**RECORDS SHOWN**
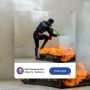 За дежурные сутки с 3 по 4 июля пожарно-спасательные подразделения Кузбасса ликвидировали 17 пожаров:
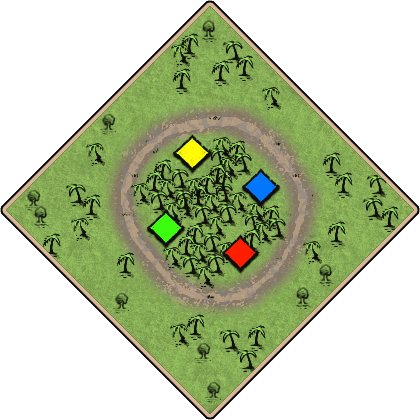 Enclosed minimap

--

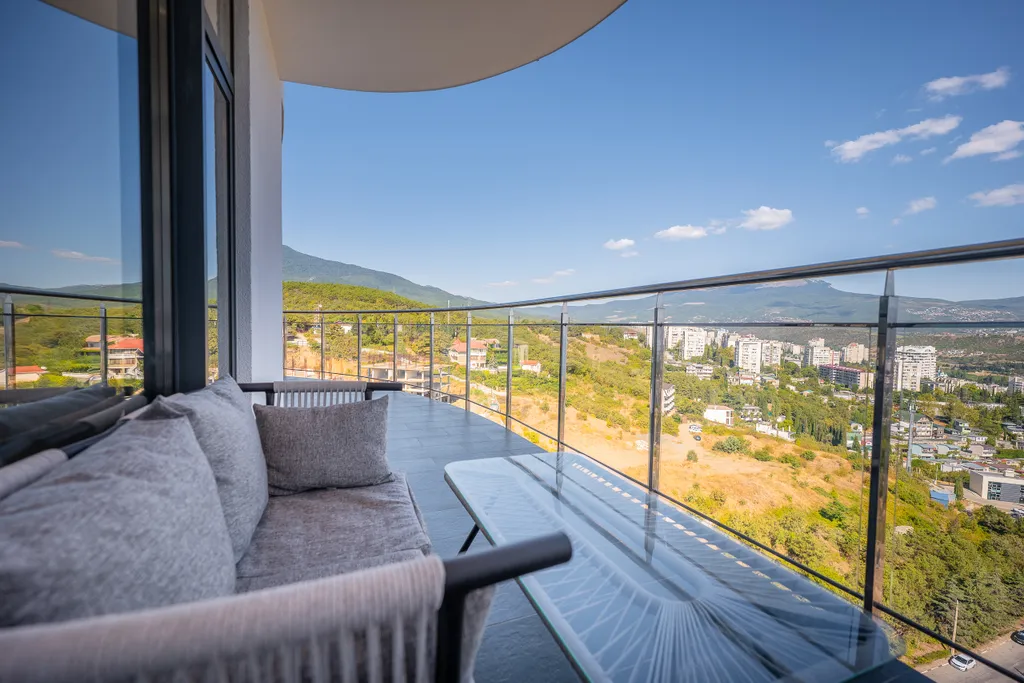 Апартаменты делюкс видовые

...

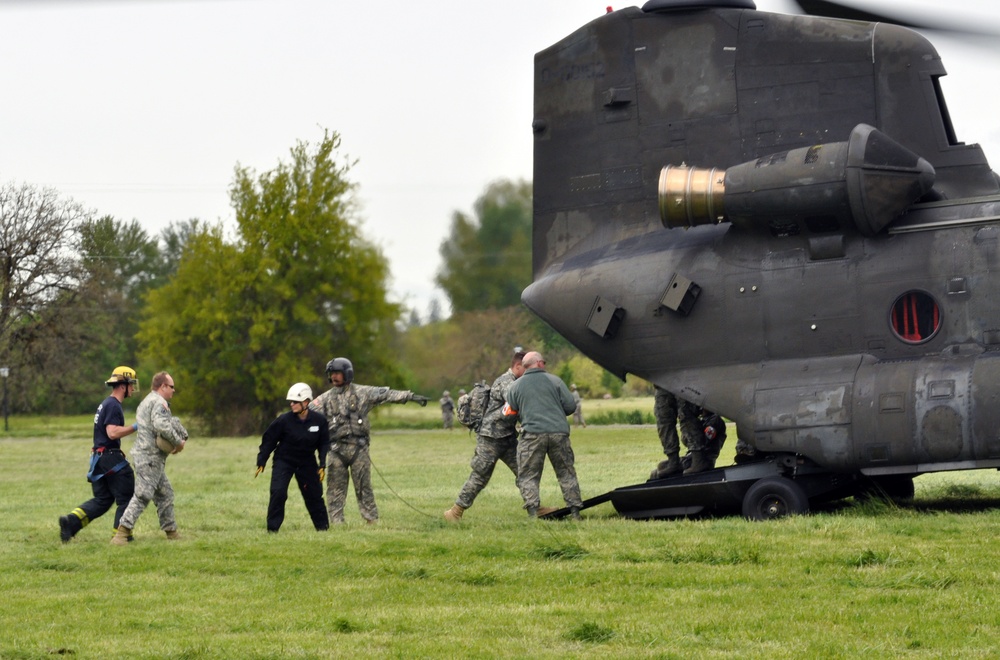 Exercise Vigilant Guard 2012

**WHAT NEEDS TO BE DONE**
Exact copy, pictures excluded: every line above from the one containing "За дежурные сутки" to the one containing "Enclosed minimap", inclusive, and nothing more.

**EXERCISE SOLUTION**
 За дежурные сутки с 3 по 4 июля пожарно-спасательные подразделения Кузбасса ликвидировали 17 пожаров:
 Enclosed minimap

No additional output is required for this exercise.